Comparing our dataset with EORC data from six studies using next‐generation sequencing, we found 16 commonly altered genes, of which ATM, APC, and MSH2 showed the highest number of germline variants (Supplementary Table S6 and Supplementary Figure S2).

The detection of germline variants is important not only for diagnosis and genetic counseling but also for determining therapeutic strategies. Particularly, patients with MMR variants could benefit from immune checkpoint inhibition (anti‐PD‐1 antibodies, such as pembrolizumab). Variants in HR genes (mainly BRCA1/2, CHEK2, and ATM) may indicate sensitivity to poly(ADP‐ribose) polymerase inhibitors and platinum‐based chemotherapy [10]. We found that two patients presented with CHEK2 variants. In a recent pan‐cancer analysis with 11,947 patients and more than 50 types of cancer, P/LP variants in genes with therapeutic implications were found in 9% of patients [10]. Most of the germline variants with therapeutic actionability were identified in HR (BRCA1/2: 42%; CHEK2: 13%; and ATM: 12%) and MMR genes (11%) [10]. We also found germline variants in other genes with therapeutic relevance: EGFR, KRAS, and NF1. Advanced non‐small cell lung cancers with EGFR mutations are treated with tyrosine kinase inhibitors. Currently, several KRAS inhibitors have been tested in solid tumors, including CRC. Sunitinib and selumetinib target therapies have been used in patients with NF1 germline variants.

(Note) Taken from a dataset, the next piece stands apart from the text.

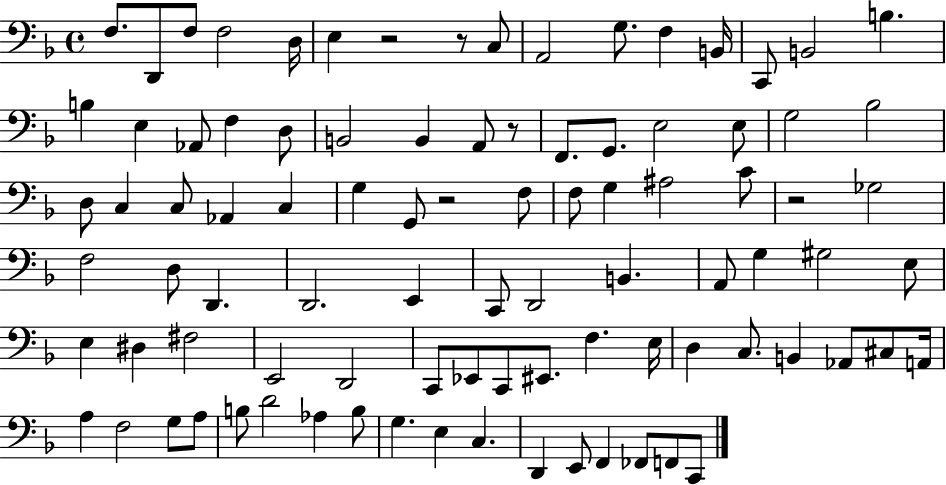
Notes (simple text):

F3/e. D2/e F3/e F3/h D3/s E3/q R/h R/e C3/e A2/h G3/e. F3/q B2/s C2/e B2/h B3/q. B3/q E3/q Ab2/e F3/q D3/e B2/h B2/q A2/e R/e F2/e. G2/e. E3/h E3/e G3/h Bb3/h D3/e C3/q C3/e Ab2/q C3/q G3/q G2/e R/h F3/e F3/e G3/q A#3/h C4/e R/h Gb3/h F3/h D3/e D2/q. D2/h. E2/q C2/e D2/h B2/q. A2/e G3/q G#3/h E3/e E3/q D#3/q F#3/h E2/h D2/h C2/e Eb2/e C2/e EIS2/e. F3/q. E3/s D3/q C3/e. B2/q Ab2/e C#3/e A2/s A3/q F3/h G3/e A3/e B3/e D4/h Ab3/q B3/e G3/q. E3/q C3/q. D2/q E2/e F2/q FES2/e F2/e C2/e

Environmental factors (diet, obesity, and alterations in the gut microbiome) and low penetrance genetic variants may contribute to the pathogenesis of rectal cancer. In addition, the identification of germline variants in EORC patients has implications not only for diagnosis and genetic counseling but also for prognosis prediction and treatment selection. We identified a high frequency of EORC patients harboring germline variants (∼73%), mainly in HR/MMR genes, oncogenes, and tumor suppressors; of which some could be actionable targets for treatment. Screening programs should be implemented for all patients with EORC, regardless of their family history, and could be helpful to reverse the morbidity associated with the disease.

DECLARATIONS

FUNDING

This study was supported by grants from the Region of Southern Denmark Research Fund, Denmark, and the National Institute of Science and Technology in Oncogenomics (INCITO, FAPESP #2008/57887‐9 and CNPq #573589/08‐9), Brazil. Caroline Moraes Beltrami received a fellowship from the National Council for Scientific and Technological Development (CNPq #371497/2013‐2). Luisa Matos do Canto received a fellowship from the São Paulo Research Foundation (FAPESP #2014/06323‐9 and #2015/25803‐4).

CONFLICTS OF INTEREST

The authors declare no competing interests.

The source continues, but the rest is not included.